As he notes, another thing that humanitarianism does not want to admit is that even when international humanitarian effort is well-funded and big scale, it covers just a fraction of the needs. Conflicts and the war of rogue regimes against the segment of population (like Rohingya and ethnic nationalities before) or against the whole population (what we have now in Myanmar) always, in every single moment, create multiple times bigger and more dramatic needs than any humanitarianism can address and match.

“In my (time in) Sarajevo, during the siege, one of the biggest international aid efforts that existed, has been delivering a little bit food once in a month or two (few kilos parcel with few items inside, rice, oil, old cans and cottage cheese from overdue food reserves of rich countries).

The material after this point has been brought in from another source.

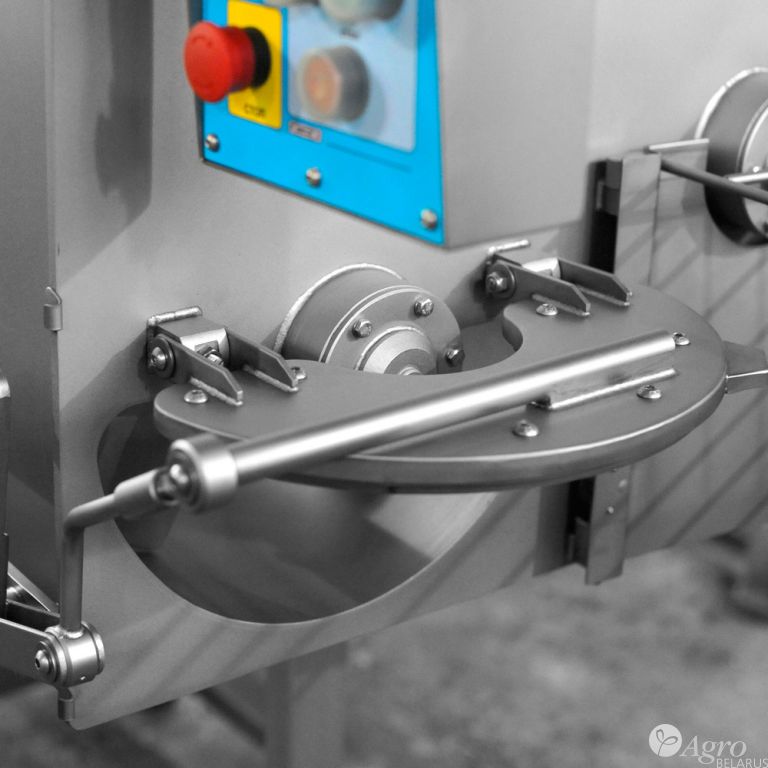 Фаршемешалка лопаточная 150л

The rest of the time, my family has been hungry and surviving by depleting all possible ‘reserves’. In one moment, that meant cutting the parts of furniture to make fire to warm for a while in an extremely cold nights or spending all money and valuable things we had to buy food on black market,” Blazevic says.

“Even more importantly, huge international humanitarian effort which included airlifts bringing aid to besieged Sarajevo, did not stop the shelling of the city and sniper fire. People were dying almost every single day. With certain regularities terrible massacres have been taking place. Sometimes when people were standing in queue for bread or aid. Over 14,000 civilians have been killed in four years in a city of just 350,000 citizens.

“The whole airlift to Sarajevo did not stop systematic ethnic cleansing, ugly massacres and genocide in other parts of Bosnia which has gone for four years. That has stopped only when Bosnian army, which build itself from zero, managed to create some level of power-balance and when the West provided limited military assistance to Croatian and Bosnian army to launch few major offensives,” Blazevic notes.

It is completely the same situation in Myanmar right now, he says. Extremely limited international aid which the junta will allow sometimes to be delivered to some part of the country and only when it serves junta's own interests to divide opposition to its rule. Most of the time, most of the people in most of the country will continue to suffer and to survive through its own self-help. And killing and atrocities and cleansing operations and burning and bombing of villages will not stop. Targeting civilian population is the core of the junta's military strategy against the nationwide uprising and resistance.

This is what international humanitarianism does not admit and does not say. That they are not solution and will never be, Blazevic says.

“Something else is needed to stop dramatically worsening of the situation in Myanmar, not more money for the UN agencies to deliver limited aid (sometimes) to Rakhine State and to people in need in Yangon, Mandalay and few other places that are still under junta control. And just a very small trickle of that will go – rarely – to conflict areas where resistance to the junta is strong. Places where international aid will trickle in completely insignificant amounts is 2/3 territory of the country. That is the territory where over 70,000 houses have been burned and where the majority of the 1.7 million people that has been expelled from their villages by the junta are,” he adds.

Blazevic feels a new approach is needed. He says a simple solution would be to funnel a third of the international aid money through the current mechanisms of aid agencies that have signed LoAs and MoUs with the junta.

Then two-thirds of the aid money should be channeled to the country through existing public services that are affiliated with the NUG and ethnic revolutionary organisations (EROs) and through local civil society CSOs and charities operating in liberated and mixed control territories and which operate without an MoU with the junta and in explicit opposition to junta.

“I can hear chorus saying that is not possible,” says Blazevic. “I have worked in enough ‘crisis spots ’and enough ‘conflict areas ’that I know that it is possible when there is a political will.”